Alex stood, turned, and went to the door.
She pulled it open, but then, responding to some inner voice, looked back one final time at the now-quiet man in the hospice bed. Dying was sometimes an eloquent act, she mused. Men and women often died in accordance with their lives: in battle, home with their families, in transit, wracked with disease.
Federov’s body was very still, and despite her insides being in turmoil, she tried to assess him once more.
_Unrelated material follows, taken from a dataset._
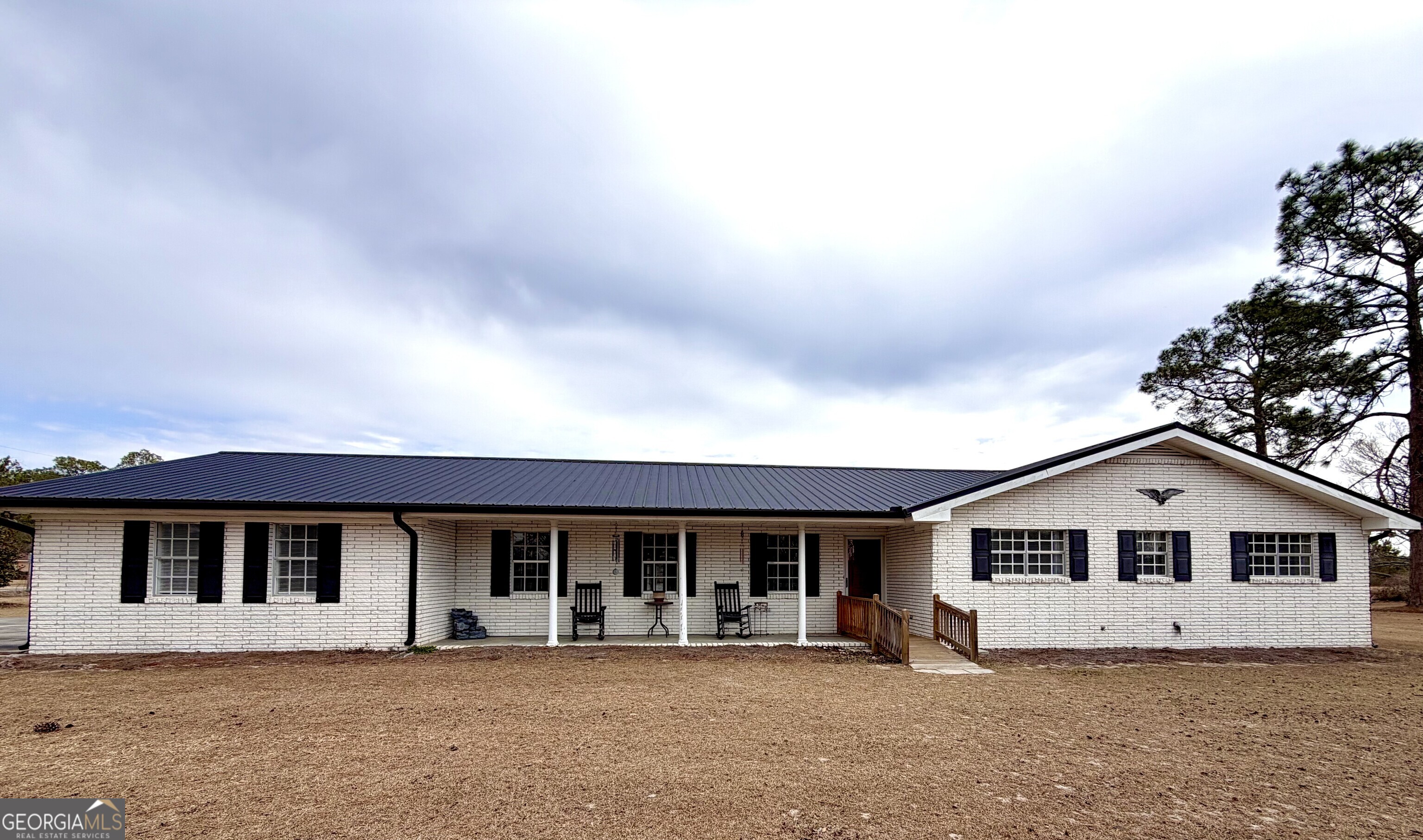 825 Satilla Church Road Baxley, GA 31513 - Photo 1 of 1 a front view of a house with a yard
And almost before her eyes, he shrank to something very small and mean, and something very mortal, flawed, and harmless. She tried to develop a hatred for him, but couldn’t.
His eyes opened a sliver and his hand came up almost imperceptibly. “Hey,” he said in a near whisper. Then he was quiet again, breathing lightly.
She stared for another several seconds. In the end, he was just a man. More flawed than most others, but just a man.
She gently closed the door behind her. It latched in complete silence.
FIFTY-FIVE
In the lobby of the hotel, she spotted Gian Antonio Rizzo not far from where she had left him. But she did not go to him, not immediately. She wasn’t ready to talk to anyone.
She spotted a small chapel in the hospital lobby and slipped into it. Like the doors to the hospital room upstairs, the chapel portals closed quietly. She wanted time to meditate and calm down. The chapel of the hospital was as good a place as any.
Her emotions were all over the place. Her spirit was exhausted. Taken as a whole, Federov’s confession contained the most monstrous words she had ever heard in her life.
Robert’s death… I was responsible… Do you forgive me?
It was too much to bear. For the first time since the dark days after Robert’s death, she put her head in her hands and cried. Long, hard, deep tears, tears she had fought back every lonely day for the past several months.
Several minutes passed, her mind awash in confusion, her entire soul lost in thoughts and prayer and spiraling images, all the way from the death of her grandmother and her funeral in Mexico, up through Kiev, and into the present. She tried to replay events and determine what she could have done differently, what might have put her in a different place today. But she was unable. She tried to push it all aside and tell herself that what was done was done and that it was God’s path for her, but she was unable to do that either. She wondered if she was on the right path or if she was a miserable failure.
And once again she felt very alone. Even in the chapel, she felt very alone.
At length, she realized that she wasn’t.
It was a sensation at first, a rallying of the spirit, perhaps, as she continued to lean forward, her face in her hands, her eyes closed. Then a small amount of additional time went by and she felt a spiritual presence, and then a physical presence to complement it.